Intrinsic and Extrinsic Evaluation Measures for MT and/or Summarization

In the past few years, we have witnessed---in both MT and summarization evaluation---the innovation of ngram-based intrinsic metrics that automatically score system-outputs against human-produced reference documents (e.g., IBM's BLEU and ISI/USC's counterpart ROUGE). Similarly, there has been renewed interest in user applications and task-based extrinsic measures in both communities (e.g., DUC'05 and TIDES'04). Most recently, evaluation efforts have tested for correlations to cross-validate independently derived intrinsic and extrinsic assessments of system-outputs with each other and with human judgments on output, such as accuracy and fluency.

The concrete questions that we hope to see addressed in this workshop include, but are not limited to:

- How adequately do intrinsic measures capture the variation between system-outputs and human-generated reference documents (summaries or translations)? What methods exist for calibrating and controlling the variation in linguistic complexity and content differences in input test-sets and reference sets? How much variation exists within these constructed sets? How does that variation affect different intrinsic measures? How many reference documents are needed for effective scoring?

- How can intrinsic measures go beyond simple n-gram matching, to quantify the similarity between system-output and human-references? What other features and weighting alternatives lead to better metrics for both MT and summarization? How can intrinsic measures capture fluency and adequacy? Which types of new intrinsic metrics are needed to adequately evaluate non-extractive summaries and paraphrasing (e.g.,interlingual) translations?

- How effectively do extrinsic (or proxy extrinsic) measures capture the quality of system output, as needed for downstream use in human tasks, such as triage (document relevance judgments), extraction (factual question answering), and report writing; and in automated tasks, such as filtering, information extraction, and question-answering? For example, when is an MT system good enough that a summarization system benefits from the additional information available in the MT output?

- How should metrics for MT and summarization be assessed and compared? What characteristics should a good metric possess? When is one evaluation method better than another? What are the most effective ways of assessing the correlation testing and statistical modeling that seek to predict human task performance or human notions of output quality (e.g., fluency and adequacy) from "cheaper" automatic metrics? How reliable are human judgments?

Anyone with an interest in MT or summarization evaluation research or in issues pertaining to the combination of MT and summarization is encouraged to participate in the workshop.

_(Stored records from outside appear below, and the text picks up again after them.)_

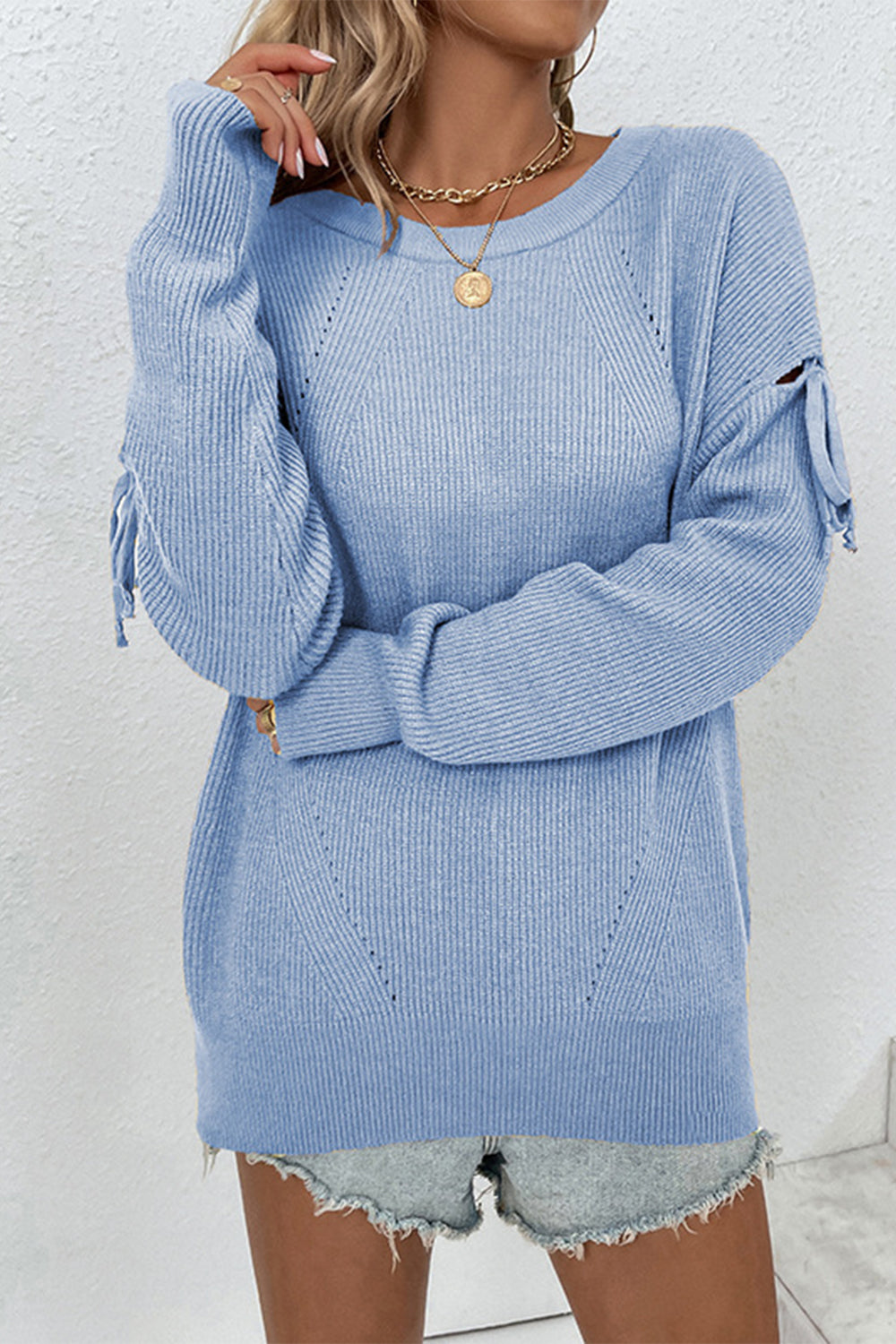 Classy Round Neck Dropped Shoulder Sweater BLUE ZONE PLANET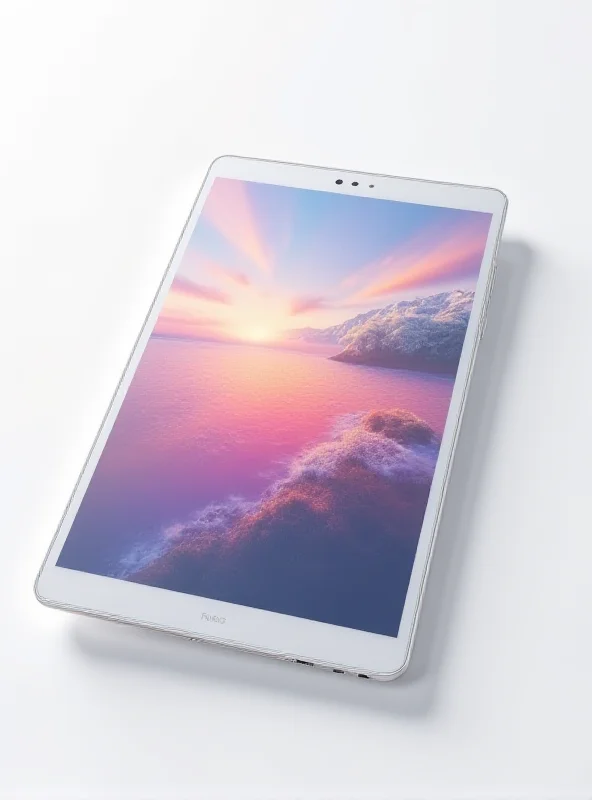 Close up rendering of the Honor Pad X9a tablet, showcasing its slim design and vibrant screen.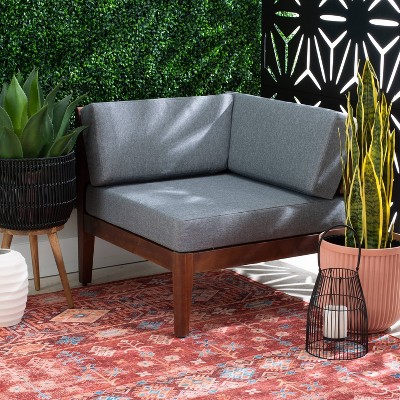 Summerlyn Walnut Corner Chair with Gray Performance Fabric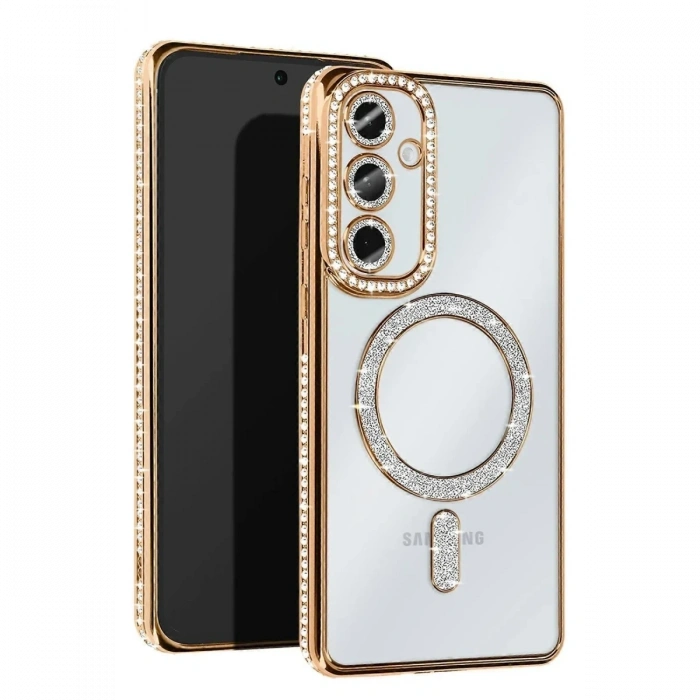 Mey İthalat®  Samsung Galaxy S25 Edge Joke Simli Magneticsafe Kılıf - Gold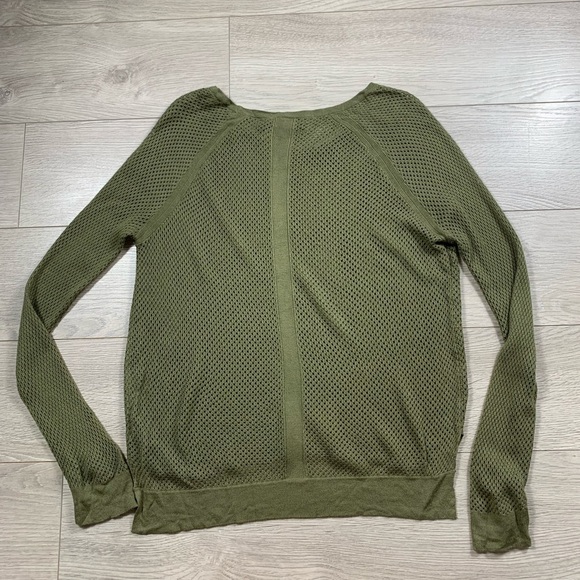Rag & Bone Army Green Thin Knit Long Sleeve Sweater Top - Picture 4 of 11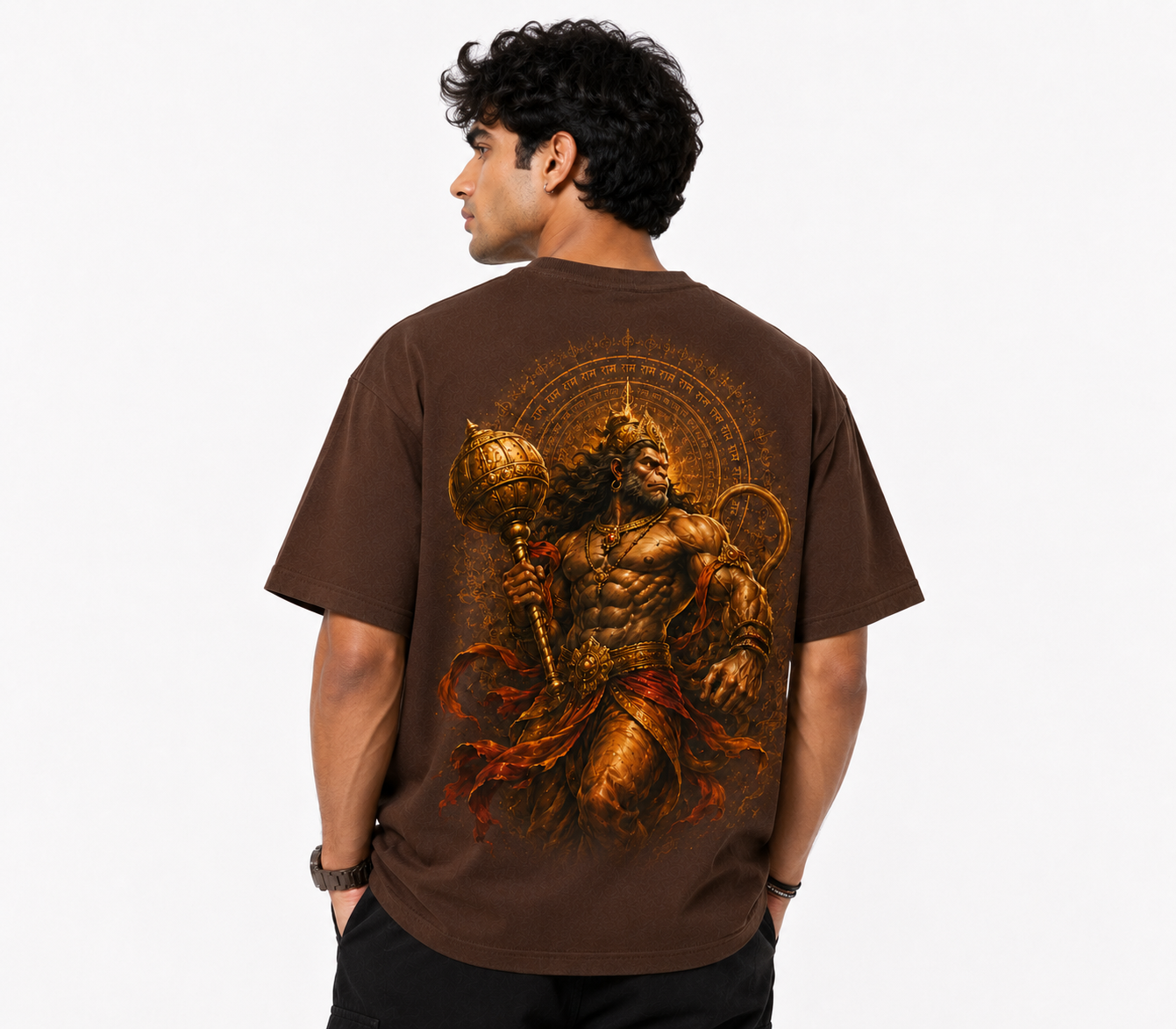 StitchVaults™ Mahabali Hanuman Oversized Spiritual Graphic T-Shirt for Men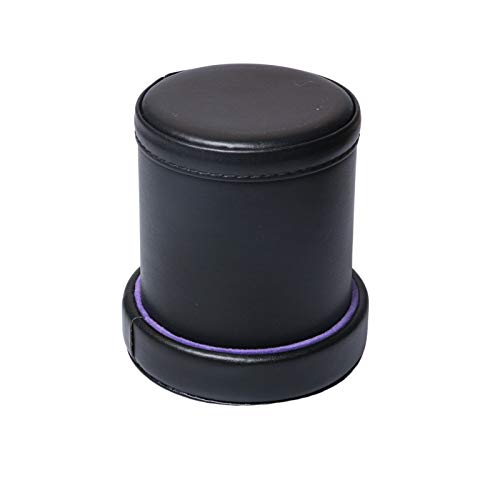 PU Leather Dice Cup with Lid, Purple Velvet Interior Quiet Dice Shaker Cup Including 6 Purple Translucent Dice for Liars Dice/ Farkle/ Yahtzee Games, 1 Pack - color: Purple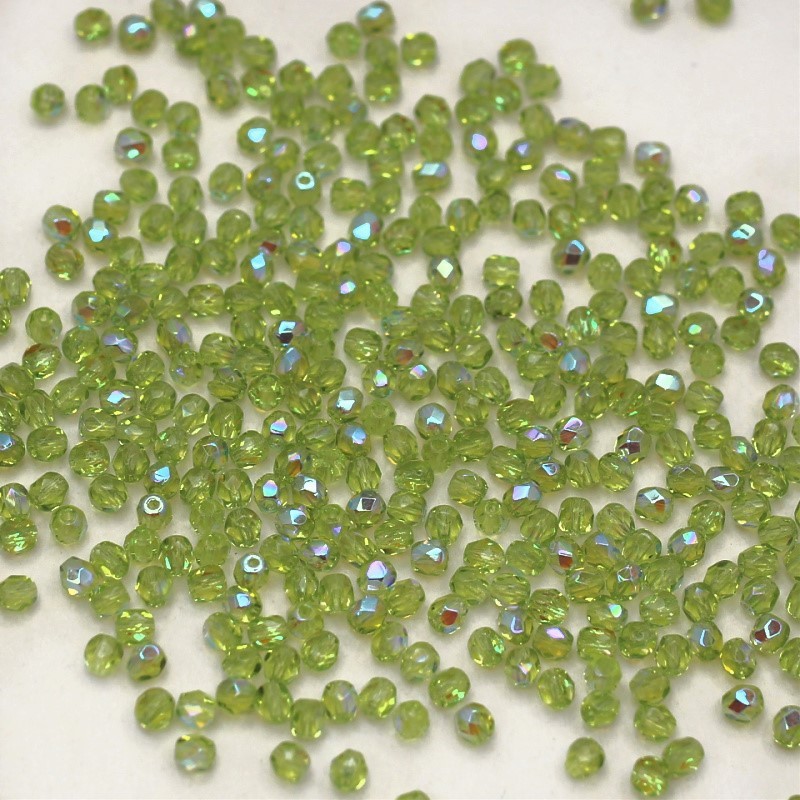 Czech beads/ balls 3mm faceted/ transparent green ab/ 25pcs/ SZGBKF03C132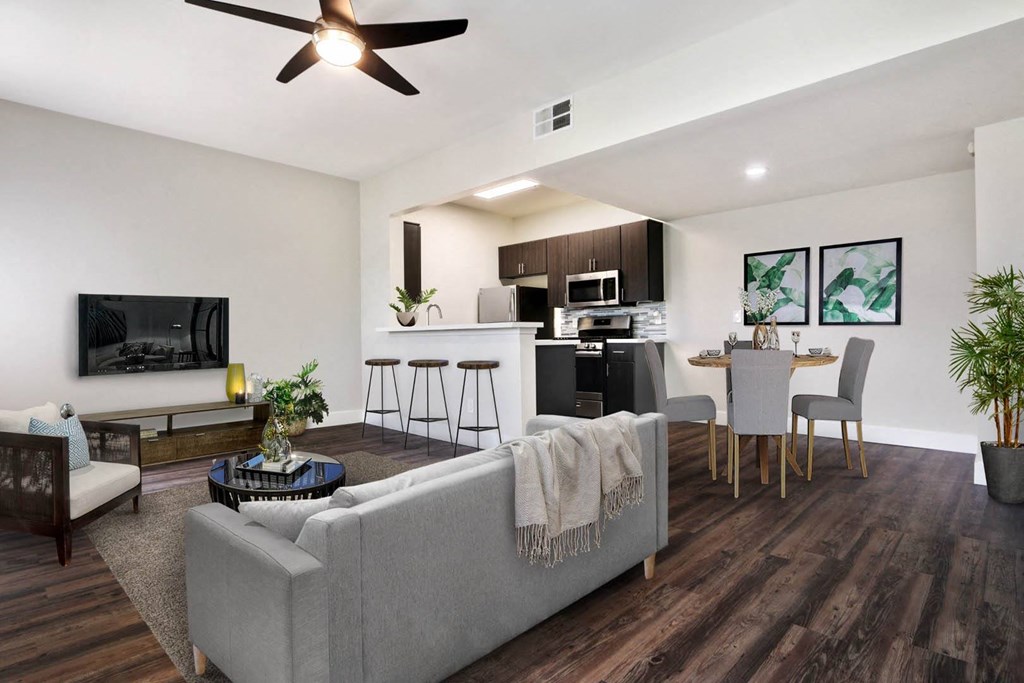 Living Room Interior at Waterstone at Metro, Los Angeles, CA, 90034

We are looking for research papers on the aforementioned topics, as well as position papers that identify limitations in current approaches and describe promising future research directions.

SHARED DATA SETS

To facilitate the comparison of different measures during the workshop, we will be making available data sets in advance for workshop participants to test their approaches to evaluation. Although the shared data sets are separated, we would encourage participants to apply their automatic metrics on both data sets and report comparative results in the workshop.

Shared Data Set for MT Evaluation

To facilitate the comparison of different measures for MT evaluation, we have arranged for LDC to release a shared data package on which researchers can conduct experiments that assess the performance of automatic MT evaluation metrics by correlating their scores with human judgments of MT quality.

The shared data set consists of the 2003 TIDES MT-Eval Test Data for both Chinese-to-English and Arabic-to-English MT. For each of these two language-pair data sets, the following is provided:

- The set of test sentences in the original source language (Chinese or Arabic)
- MT system output for the set of sentences for 7 different MT systems
- A collection of 4 reference translations (human translated) into English
- Human judgments of MT quality (adequacy and fluency) for the various MT system translations of every sentence. Each sentence was judged by two subjects, each of which assigned both an adequacy score and a fluency score, in the integer range of [1-5].

*Note*: human judgment assessments are provided for 7 Chinese-to-English MT systems, but only for 6 Arabic-to-English MT systems. Human assessments are not available for the system that is code-named "ama".

The data set package contains detailed instructions on how the data is organized and formatted.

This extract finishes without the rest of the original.